Over a period of four centuries, the Kingdom of Poland existed in association with the Grand Duchy of Lithuania, their joint entity constituting one of the largest states in the Europe of its time. It was an entity that was, in many ways, the precursor of to-day's European Union. Having came into being as a dynastic union upon the Grand Duke of Lithuania being crowned King of Poland in 1386, it was transformed into a single state by the Act of Union promulgated in Lublin in1569. That state continued to exist till the partitions of the late 18th century when Russia, Prussia and Austria dismembered the country in three successive stages, that is in 1773, 1793 and 1795.

Though today, the Republics of Poland and Lithuania are neighbors with a common border and friendly relations, it would be misleading to equate them with the earlier Polish-Lithuanian "Commonwealth of Both Nations'(Rzeczpospolita Obojga Narodow).
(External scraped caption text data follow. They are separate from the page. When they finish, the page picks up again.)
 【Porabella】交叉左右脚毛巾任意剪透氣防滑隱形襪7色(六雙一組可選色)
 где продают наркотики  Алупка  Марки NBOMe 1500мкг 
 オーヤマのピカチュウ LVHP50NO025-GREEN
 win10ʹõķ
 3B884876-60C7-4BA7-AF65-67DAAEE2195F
In large part this is because the Lithuania of the Grand Duchy was both linguistically and geographically a significantly different country from to-day's Republic. Its borders encompassed not only present day Lithuania, but also present day Belarus and parts present day Ukraine. Its official language, moreover was not Lithuanian but rather Ruthenian (Old Belearusian), the ancestor of modern Belarusian, Rusyn, and Ukrainian languages. A Slavic language, it presented the distinct advantage of being close to Polish and thereby intelligible to Polish speakers and vice versa. In time, the Grand Duchy became increasingly Polonized which led to Polish becoming its official language after 1696. When a century later the Polish-Lithuanian Commonwealth was partitioned, the area of the Grand Duchy became part of the Russian Empire, and a program of enforced Russification followed with Polish schools being closed, etc.
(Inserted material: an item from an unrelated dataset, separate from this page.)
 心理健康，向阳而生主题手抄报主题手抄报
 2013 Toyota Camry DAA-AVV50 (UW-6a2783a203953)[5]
. In the northeastern region of the Grand Duchy, areas corresponding more closely to present day Lithuania, the native people spoke dialects derived from Old Baltic, specifically the Samogitian dialect in the western area know as Zmudz, and Aukstaiciu (Highlander) further to the east. Not only were these languages as a disadvantage not being intelligible with Slavic languages but they also lacked a written form. Yes, in the period of the Reformation and Counter Reformation a written form of Samogitian has been devised but its use had been very limited. It was thus not until the last decades of the 19th century that with the spread of nationalism as a concept, Lithuanian consciousness arose and a literary Lithuanian language, based on the eastern dialect, came into wider use. It was this language that became Lithuania's official one when the Republic came into being in 1918. It continues to be the country official language to-day.

The other major region of what used to be the Grand Duchy, became the Byelorussian Socialist Soviet Republic in 1919, and as such part of the Soviet Union. With the dissolution of the latter in 1990, Belarus became independent but has, since 1995, followed very philo-russian policies which accord the Russian language primacy over Byelorussian. Self-identification of Belorussians with the Grand Duchy in their country's past is evident in the use of the term Great Lithuania, that some use in referring to it. Trice as large as present day Lithuania in both area and population, Belarus is widely considered to be Europe's last dictatorship: it is governed by a regime that appears not to favor references to the country's Grand Duchy heritage.